**Your task:**
What is needed here is an exact printout of the data, with no pictures included.

**Given information:**
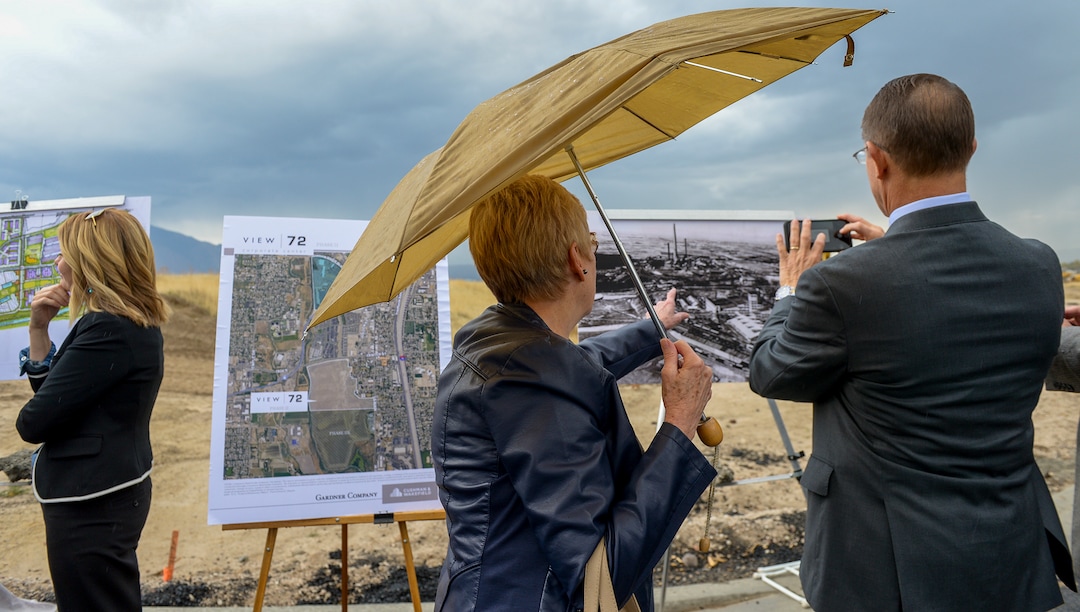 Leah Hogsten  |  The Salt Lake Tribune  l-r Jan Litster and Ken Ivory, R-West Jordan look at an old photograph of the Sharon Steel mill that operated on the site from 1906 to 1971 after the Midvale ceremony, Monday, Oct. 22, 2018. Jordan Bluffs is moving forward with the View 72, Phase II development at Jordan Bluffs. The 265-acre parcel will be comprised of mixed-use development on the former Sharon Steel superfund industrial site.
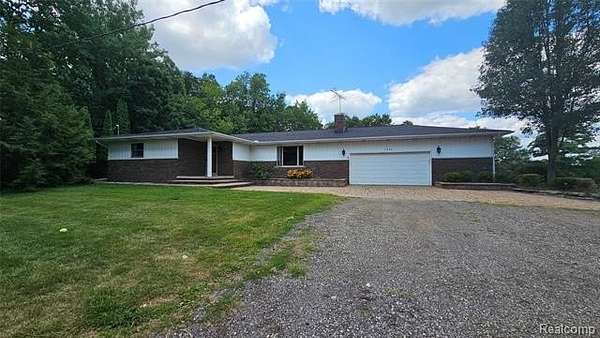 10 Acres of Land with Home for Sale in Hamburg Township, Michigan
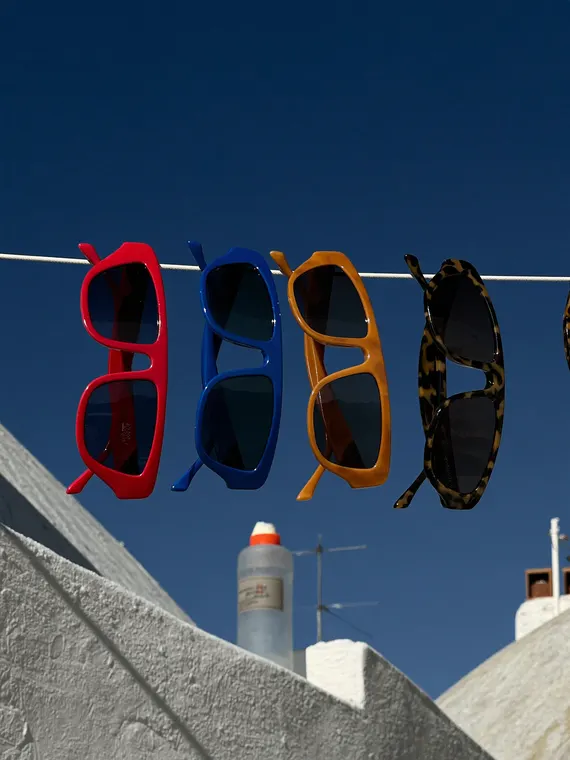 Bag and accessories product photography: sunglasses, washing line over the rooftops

**Task answer:**
 Leah Hogsten  |  The Salt Lake Tribune  l-r Jan Litster and Ken Ivory, R-West Jordan look at an old photograph of the Sharon Steel mill that operated on the site from 1906 to 1971 after the Midvale ceremony, Monday, Oct. 22, 2018. Jordan Bluffs is moving forward with the View 72, Phase II development at Jordan Bluffs. The 265-acre parcel will be comprised of mixed-use development on the former Sharon Steel superfund industrial site.
 10 Acres of Land with Home for Sale in Hamburg Township, Michigan
 Bag and accessories product photography: sunglasses, washing line over the rooftops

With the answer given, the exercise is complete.